Dice il sottotitolo: Rigoletto, Il trovatore, La traviata. Alle opere che formano la «trilogia popolare» vengono dedicati ampi capitoli, ma il percorso per restituire Verdi a se stesso inizia da prima, dalla demolizione di alcuni persistenti luoghi comuni; due soprattutto: la povertà della famiglia e l’educazione approssimativa del ragazzo. I Verdi non erano benestanti, ma vivevano con dignità e potevano mantenere agli studi Giuseppe Fortunino Francesco, che ha studiato musica molto seriamente, mentre divorava romanzi e tragedie della migliore letteratura europea, cercando nei libri quelle «precise motivazioni drammatiche senza le quali la sua penna si blocca». Si smentisce così definitivamente l’idea di un artista tutto istinto e niente cultura. Aveva ragione Bruno Barilli: «Verdi è stato il musicista più incompreso del mondo».
Pagine di forte spessore e di appassionata prosa sono dedicate alle opere giovanili. In questi anni, definiti più di «laboratorio» che «di galera», Gallarati insegue tracce della futura maturità, quando, proprio a partire dalla «trilogia», scomparirà «l’eccessiva schematizzazione di fatti e personaggi».

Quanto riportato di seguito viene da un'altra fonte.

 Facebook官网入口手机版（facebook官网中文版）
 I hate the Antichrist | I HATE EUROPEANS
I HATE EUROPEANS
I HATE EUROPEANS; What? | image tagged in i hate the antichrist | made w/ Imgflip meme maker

Il Verdi che verrà appare già dalla volontà di articolare in maniera più complessa lo svolgersi formale delle scene, di rifiutare, anche a costo di deludere le attese del pubblico, la poetica del «bello ideale» che rappresentava, ancora per Rossini, l’estetica dominante dell’opera in musica. Verdi non disconosce l’eredità del «bel canto», ma «ne rivela la sostanza espressiva più profonda, aprendo al teatro in musica una strada di non ritorno». Infinite sono le indicazioni fornite da Verdi agli interpreti, per lo più disattese: «Il vizio demagogico di enfatizzare l’espressione attraverso l’abuso del”fortissimo” era già apparso subito fuori controllo».
Il carattere dell’opera veniva alterato sia dagli interventi massacratori della censura (con buona pace di quella new age della critica verdiana che vorrebbe limitarne l’impatto), sia dal frequente «pugilato fra le voci e gli strumenti» (come rileva già nel 1846 il librettista Felice Romani). Bisognerà attendere l’arrivo di Toscanini – la cui figura qui giganteggia – perché il problema della fedeltà all’autore diventi urgente, perché dinamiche, colori, sottigliezze comincino finalmente ad essere rispettati.

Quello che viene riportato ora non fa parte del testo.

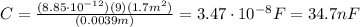C=\frac{(8.85 \cdot 10^{-12})(9)(1.7 m^2)}{(0.0039 m)}=3.47\cdot 10^{-8} F=34.7 nF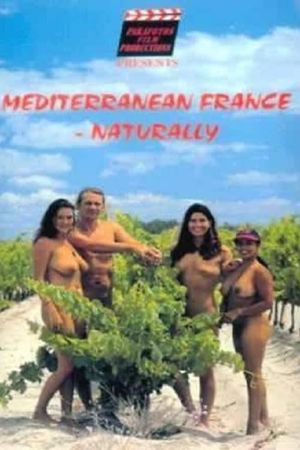 Mediterranean France - Naturally's poster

Ognuna delle tre opere prese in esame è seguita dalla genesi letteraria alla stesura della partitura, all’esito rappresentativo, entrando nel «cratere creativo» di Verdi. «Rigoletto, Azucena e Violetta ritrovano nell’amore la propria perduta umanità. Ma il loro destino è diverso», conclude Gallarati. Amore troppo violento in grado solo di generare lutti per i primi due, amore che trasforma la prostituta Violetta «in un angelo che vola al cielo», nella conferma, si può aggiungere, che – attratto dal cupo disincanto di Leopardi almeno quanto dalla pietas manzoniana – Verdi comunque ritiene che all’amore non sia concesso diritto di asilo su questa terra.
La considerazione finale dell’autore è ottimista: grazie alla – sia pure lenta – comparsa delle edizioni critiche, alla costante pubblicazione dei carteggi, curati dall’Istituto nazionale di studi verdiani, alla consapevolezza di molti interpreti contemporanei, è in atto una nuova Verdi-renaissance, «con risultati forse mai così vicini a quello che egli avrebbe desiderato».

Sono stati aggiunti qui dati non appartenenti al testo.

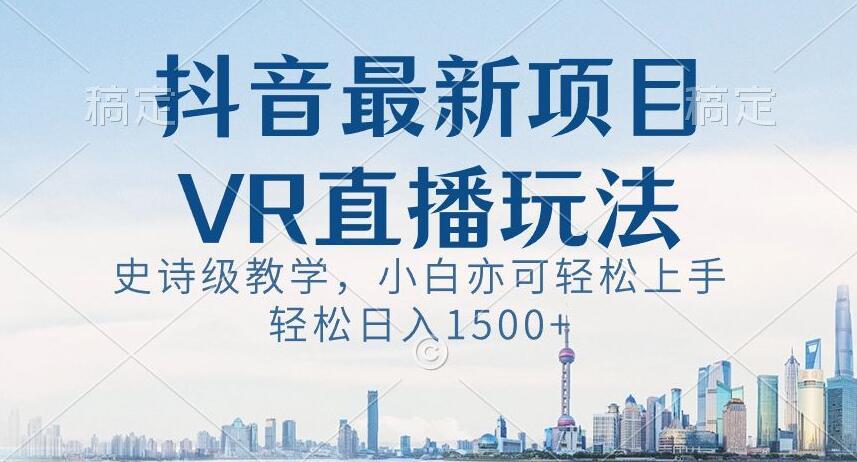 抖音最新VR直播玩法，史诗级教学，小白也可轻松上手轻松日入1500+【揭秘】-资源宝库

Verdi ritrovato è dedicato «agli italiani». Perché Verdi è un artista che, nonostante continui ad essere colpevolmente escluso dai programmi scolastici, sta al livello dei massimi nostri creatori; perché gli italiani di oggi lo conoscono ancora troppo poco; perché «di un riscatto culturale e morale il nostro paese ha quanto mai bisogno: riflettere sulla logica costruttiva, la potenza emotiva, i valori artistici e etici che caratterizzano le opere di Verdi e rappresentano la nostra identità, ci può rifornire di energia intellettuale e morale».